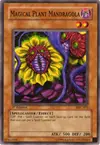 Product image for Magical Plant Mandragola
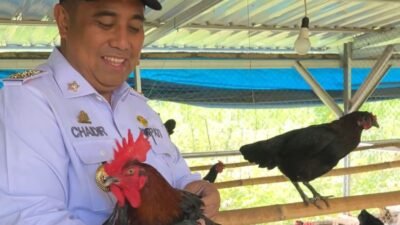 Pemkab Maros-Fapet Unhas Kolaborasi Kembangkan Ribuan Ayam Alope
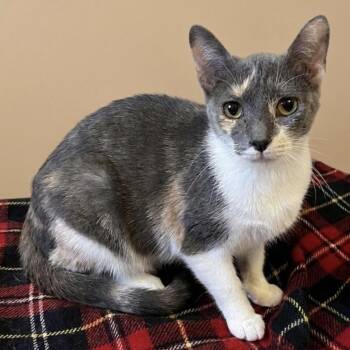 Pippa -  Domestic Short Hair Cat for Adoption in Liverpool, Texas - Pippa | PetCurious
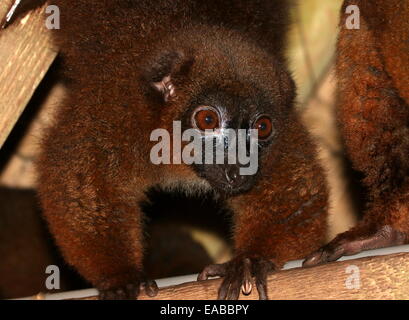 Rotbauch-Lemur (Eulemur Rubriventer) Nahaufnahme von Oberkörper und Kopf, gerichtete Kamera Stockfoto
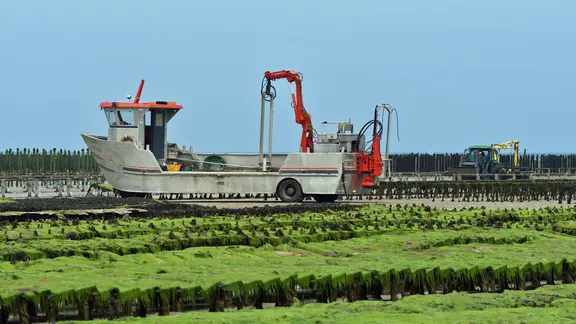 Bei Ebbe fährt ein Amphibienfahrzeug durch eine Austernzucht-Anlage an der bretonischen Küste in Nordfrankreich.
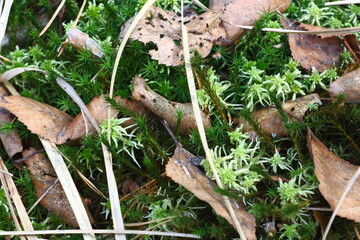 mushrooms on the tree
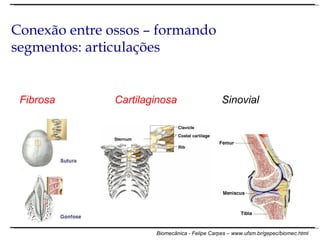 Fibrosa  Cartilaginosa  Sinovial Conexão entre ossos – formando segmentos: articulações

********************

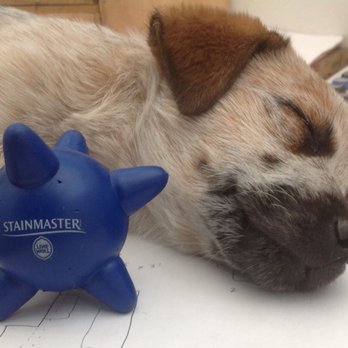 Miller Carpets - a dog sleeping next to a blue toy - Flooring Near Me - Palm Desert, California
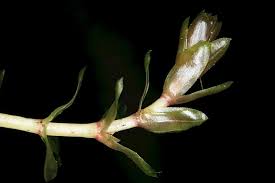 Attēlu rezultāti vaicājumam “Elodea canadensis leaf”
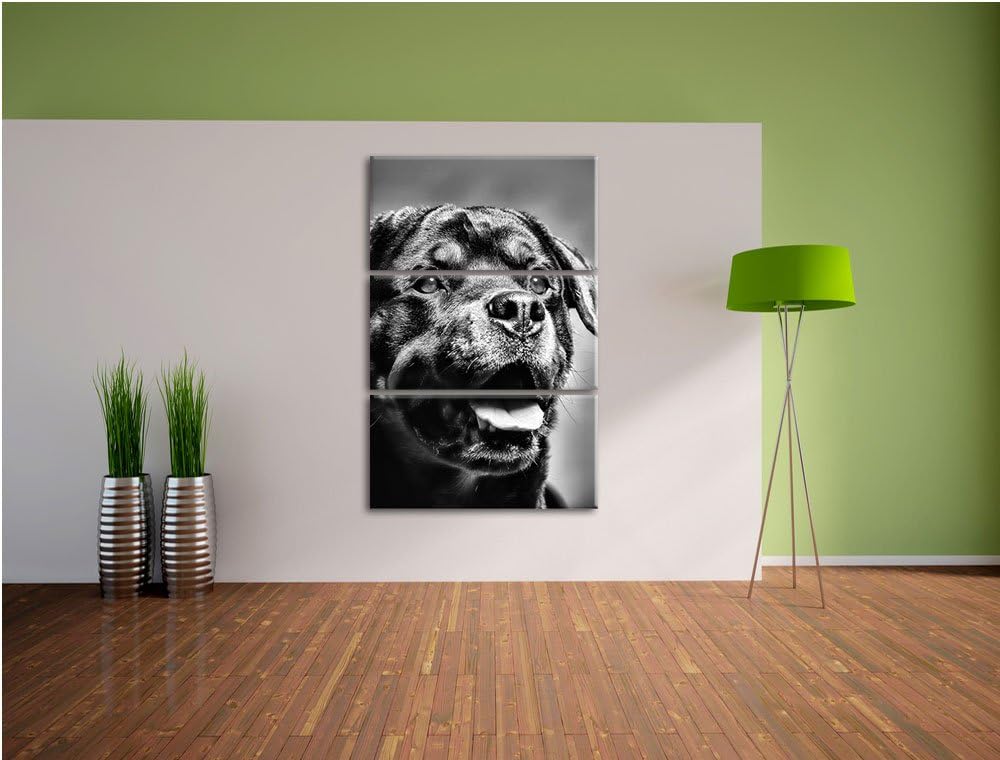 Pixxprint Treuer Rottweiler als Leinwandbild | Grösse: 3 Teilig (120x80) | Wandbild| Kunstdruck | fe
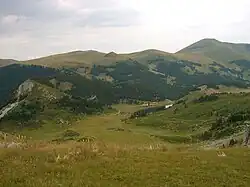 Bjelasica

********************

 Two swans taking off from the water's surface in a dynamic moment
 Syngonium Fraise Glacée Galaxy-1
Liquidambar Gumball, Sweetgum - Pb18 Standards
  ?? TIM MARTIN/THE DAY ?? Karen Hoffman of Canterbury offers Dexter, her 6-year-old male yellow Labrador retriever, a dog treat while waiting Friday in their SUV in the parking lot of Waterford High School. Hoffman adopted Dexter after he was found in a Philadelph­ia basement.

********************

* Exercise details *
Here the job is to copy the stretch of records from the line containing "Product image for Magical Plant Mandragola" through the line containing "formando segmentos: articulações", word for word. Leave every picture out.

* Exercise output *
 Product image for Magical Plant Mandragola
 Pemkab Maros-Fapet Unhas Kolaborasi Kembangkan Ribuan Ayam Alope
 Pippa -  Domestic Short Hair Cat for Adoption in Liverpool, Texas - Pippa | PetCurious
 Rotbauch-Lemur (Eulemur Rubriventer) Nahaufnahme von Oberkörper und Kopf, gerichtete Kamera Stockfoto
 Bei Ebbe fährt ein Amphibienfahrzeug durch eine Austernzucht-Anlage an der bretonischen Küste in Nordfrankreich.
 mushrooms on the tree
 Fibrosa  Cartilaginosa  Sinovial Conexão entre ossos – formando segmentos: articulações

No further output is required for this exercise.